Why? It's animal based, so when it's cold out it looks weird. I have a plastic elongated bowl I just let them soak, it'll only soak up what can hald. If needed repeat. I soak leather from WWII in it and have never had a problem with it... The only thing I could see is if the leather is highly deteriorated, the oil might weaken folds or joints...
 
These, too, are often highly alkaline and are harmful to leather products. ... NEVER USENeatsfoot Oil: One of the most deceiving leather conditioners on the market isNeatsfoot oil. For years this product has been hailed as a successful moisturizing product for leather, however, it continuously has disastrous results
 
Some articles online.

Leather Maintenance Myths & Care Tips
There are several claims for leather cleaning and conditioning solutions that are simply untrue — yet they continue to spread either by word of mouth or through internet searches.

We at Leather Honey are experts on leather care and we’re here to tell you that many of these claims are not only incorrect (and admittedly a little amusing) but they also risk having a reverse effect and actually end up doing more harm to your leather than good!

WHAT NOT TO USE ON LEATHER GOODS!
NEVER USE an All-Purpose Cleaner: One of the biggest mistakes leather owners make is spraying their leather with an all-purpose cleaner. We understand — “all-purpose” certainly indicates that the cleaner would be safe to use on leather. How is one supposed to know that most all-purpose solutions have a high PH level and that alkali is damaging to genuine leather?

NEVER USE Baby wipes: These are also commonly misused for cleaning things non-baby related, including leather. These, too, are often highly alkaline and are harmful to leather products. We strongly encourage you to limit baby wipe usage to its intended purpose and refrain from wiping down your leather furniture, apparel or anything else with baby wipes.

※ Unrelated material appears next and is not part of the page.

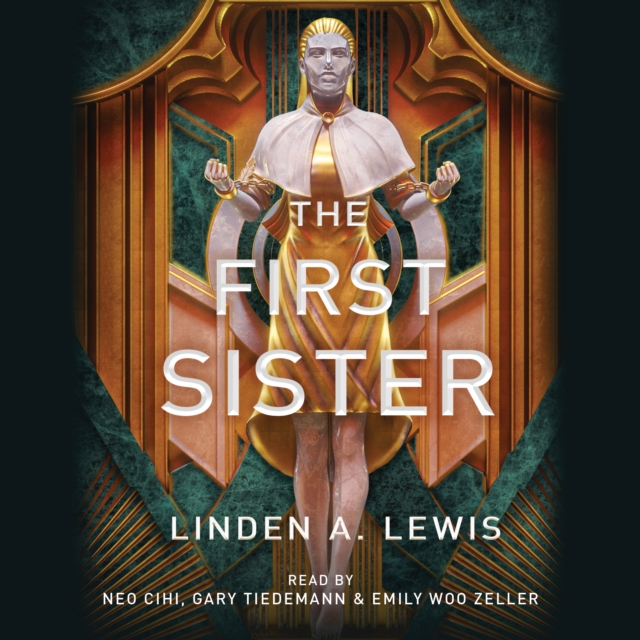 The First Sister : The First Sister trilogy, eAudiobook MP3 eaudioBook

NEVER USE Neatsfoot Oil: One of the most deceiving leather conditioners on the market is Neatsfoot oil. For years this product has been hailed as a successful moisturizing product for leather, however, it continuously has disastrous results. Leather owners are always confused because their Neatsfoot oil applications are only making their leather more brittle. The reason this happens is because Neatsfoot oil is rendered from cow shin and foot bones. This formula tends to oxidize and have a negative effect on leather over time.

NEVER USE Mayonnaise: A surprising common attempt at a do-it-yourself leather conditioner is mayonnaise. Not surprising are the results of slathering a leather couch with a condiment meant to be used on a turkey sandwich. Mayonnaise stains leather! It also contains oils that penetrate into the leather’s surface but do not absorb. This leaves an unpleasant texture and unsightly appearance.

NEVER USE any Food Products: Additionally, food products on leather will eventually lead to bacteria and mold build up (yuck!). We encourage you to avoid using kitchen condiments as leather cleaners or conditioners. This includes vinegar, olive oil, flaxseed oil and butter — these products are great on potatoes, not on your leather jacket. Your nice leather couch may end up smelling like a salad.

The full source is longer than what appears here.